Сиротинка
— Владимир ОдоевскийВладимир Одоевский «Сиротинка» — читайте сказку онлайн. Текст произведения представлен полностью, бесплатно и без регистрации. Распечатайте текст на сайте объемом 12 страниц.
Текст сказки:
У обгоревшей избы сидела, подгорюнясь, восьмилетняя сиротинка. Вчера Божий гнев посетил её мачеху, ни с того ни с сего показался огонь из подполицы, пополз по брёвнам, выглянул в волоковое окошко, охватил соломенную крышку — да и выжег всё без остатка, едва домашние успели выскочить да кое-что хлама повынести, собирались и миряне с соседних домов, смотрели и дивовались, что горит изба словно свечка перед иконою, иные смекали, что если б не затишь, то несдобровать бы и целой деревне. Ночью навалился снег и прикрыл пожарище, лишь торчали чёрные головни между сугробами да задымленная печка. Утром взошло солнце: тихо смотрело оно сквозь алый туман и на пожарище, и на сиротинку, золотые искорки мелькали в воздухе, дым из труб низко тянулся между кровлями, тяжёлые возы скрипели по застылому снегу, колокольчик то звонко раздавался, то замолкал в далёкой степи…
По дороге бежал мальчик лет двенадцати, спустив рукава у рубашонки и похлопывая кулаками от холода.
— Бог помощь, Настя! — сказал он, поравнявшись с пожарищем.
— Спасибо, Никитка! — отвечала Настя печально.
— А мачеха где?
— Пошла милостыньку сбирать.
— А ты же что?
— А мне вот велела за хламом смотреть…
— А била мачеха больно?
— Нет, сегодня ещё не била…
— А вчера била?
— Вчера била…
— А за что?
— Известно, за дело: не будь голодна…
— Эвося! Голод-та не свой брат… Вот батька твой не таков был, бывало, и меня пряником кормил… Эка! Посадила девку… Ты смотри, рук-то не озноби…
— Нет, пока ещё солнышко греет… а вот как зайдёт, так и не знаю, что будет, вчера хоть у пожарища согрелись…

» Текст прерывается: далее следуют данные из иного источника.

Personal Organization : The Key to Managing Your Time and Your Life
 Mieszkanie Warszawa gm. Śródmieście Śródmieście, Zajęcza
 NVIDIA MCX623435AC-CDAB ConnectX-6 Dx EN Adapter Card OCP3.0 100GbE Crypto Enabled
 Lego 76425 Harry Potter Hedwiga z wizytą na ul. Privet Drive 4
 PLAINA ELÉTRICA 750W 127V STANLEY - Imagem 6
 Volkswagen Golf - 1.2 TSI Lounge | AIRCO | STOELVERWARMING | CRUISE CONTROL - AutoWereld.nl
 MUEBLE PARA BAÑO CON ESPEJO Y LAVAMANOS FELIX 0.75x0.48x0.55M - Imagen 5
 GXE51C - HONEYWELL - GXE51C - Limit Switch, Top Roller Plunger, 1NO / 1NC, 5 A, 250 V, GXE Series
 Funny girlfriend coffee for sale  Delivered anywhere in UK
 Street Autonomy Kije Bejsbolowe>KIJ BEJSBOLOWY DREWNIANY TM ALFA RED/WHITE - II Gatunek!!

— А ты знаешь… хоть к нам приходи отогреться… право, приходи… матка слова не скажет… Ге, ге! Гнедко-то уплёлся, и не догнать его… Так, слышишь ты, приходи отогреться: у нас печка широкая…
Но Настя не пришла отогреваться, куда она девалась, Бог знает. Говорили, что той порой у постоялого двора остановилась колымага, что вышла из неё какая-то боярыня, что увидела она Настю, что потом послали и за мачехой, и за сотским, что боярыня с ними долго толковала, а потом Настю усадили в колымагу. А куда Настю увезли и зачем увезли, Никитка ни от кого не мог добиться, лишь мачеха, всхлипывая, говорила, что у ней по Насте сердце болит, а миряне поднимали её на смех и толковали, что она от барыни денежки неплаканные получила.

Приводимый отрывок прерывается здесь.